I am trying to use my own compression library for Mapred in Hadoop, and already set
mapreduce.map.output.compress = true,
mapreduce.map.output.compress.codec = org.apache.hadoop.io.compress.DefaultCodec
But I want to use my own zlib ( implemented more efficiently ).
I already set LD_LIBRARY_PATH to my_libz, and hadoop does see it by "hadoop checknative"
However, Mapreduce does not seem to follow LD_LIBRARY_PATH, it still uses Linux system's libz.so.1. Of course if I "ln -s -f my_libz.so.1 libz.so.1", Mapred has to use my_libz. This is, however, not I intend, as I want only Hadoop to use my_libz.so.1, not other appplications. If I remove system's libz.so, following errors are generated:
Diagnostics: Exception from container-launch. Container id: container_1547233003817_0045_02_000001 Exit code: 127 Stack trace: ExitCodeException exitCode=127: at org.apache.hadoop.util.Shell.runCommand(Shell.java:585) at org.apache.hadoop.util.Shell.run(Shell.java:482) at org.apache.hadoop.util.Shell$ShellCommandExecutor.execute(Shell.java:776) at org.apache.hadoop.yarn.server.nodemanager.DefaultContainerExecutor.launchContainer(DefaultContainerExecutor.java:212) at org.apache.hadoop.yarn.server.nodemanager.containermanager.launcher.ContainerLaunch.call(ContainerLaunch.java:302) at org.apache.hadoop.yarn.server.nodemanager.containermanager.launcher.ContainerLaunch.call(ContainerLaunch.java:82) at java.util.concurrent.FutureTask.run(FutureTask.java:266)
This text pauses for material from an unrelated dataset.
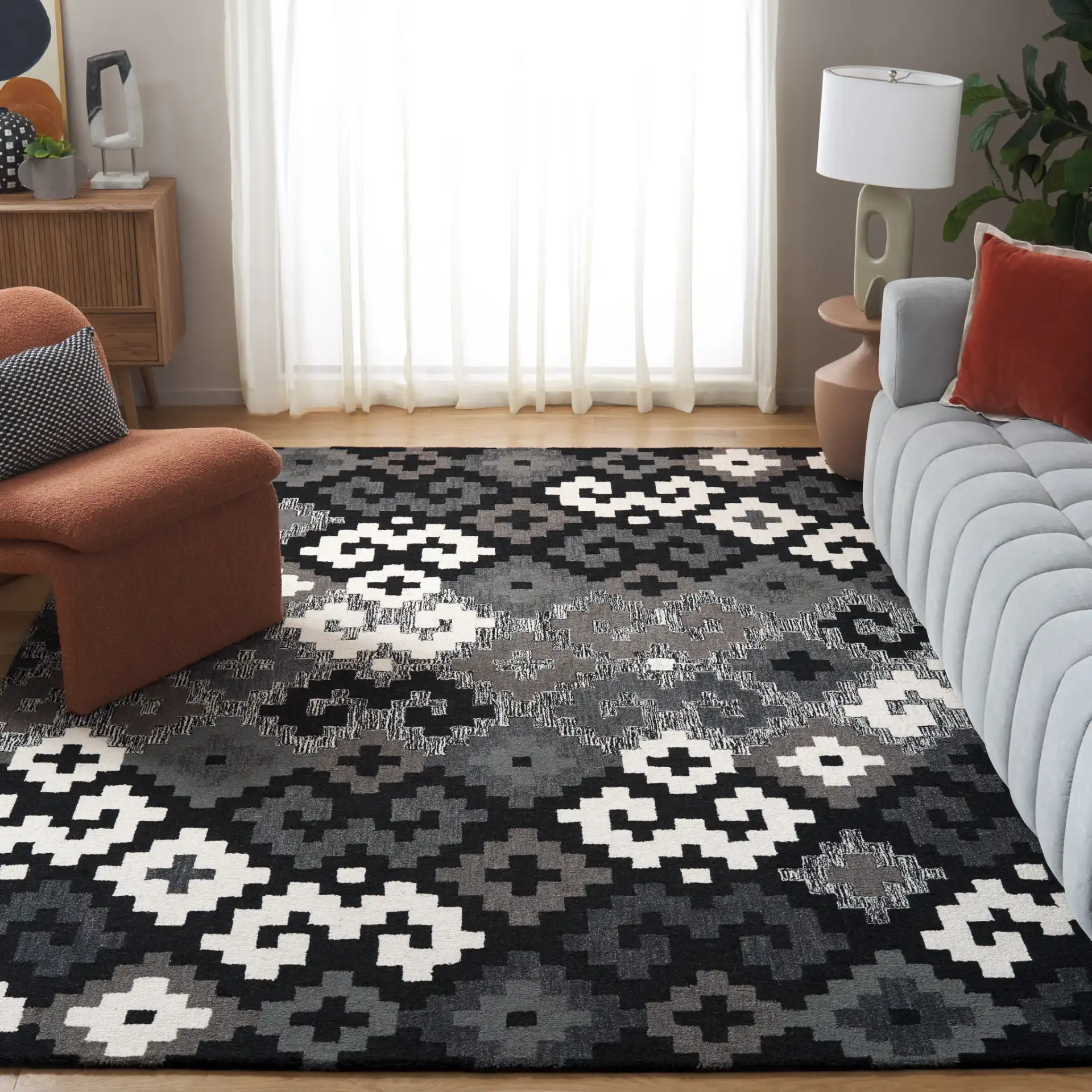 Metro Stepped Geometric Hand-Tufted Wool Rug in Black / Ivory in a styled room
at java.util.concurrent.ThreadPoolExecutor.runWorker(ThreadPoolExecutor.java:1149) at java.util.concurrent.ThreadPoolExecutor$Worker.run(ThreadPoolExecutor.java:624) at java.lang.Thread.run(Thread.java:748) Container exited with a non-zero exit code 127 Failing this attempt. Failing the application. 19/01/11 11:49:59 INFO mapreduce.Job: Counters: 0
I can, of course, recompile hadoop to build libhadoop.so to point to my_libz.so.1, but again this is not a solution as there are too many different Linux environments in my hadoop cluster and too troublesome to build and distribute libhadoop.so.
So a preferable solution would be to change some environment variable of Shell and/or Hadoop, through configuration files, without recompilation.
Any ideas or suggestions to accomplish this goal?
Many thanks in advance for any help.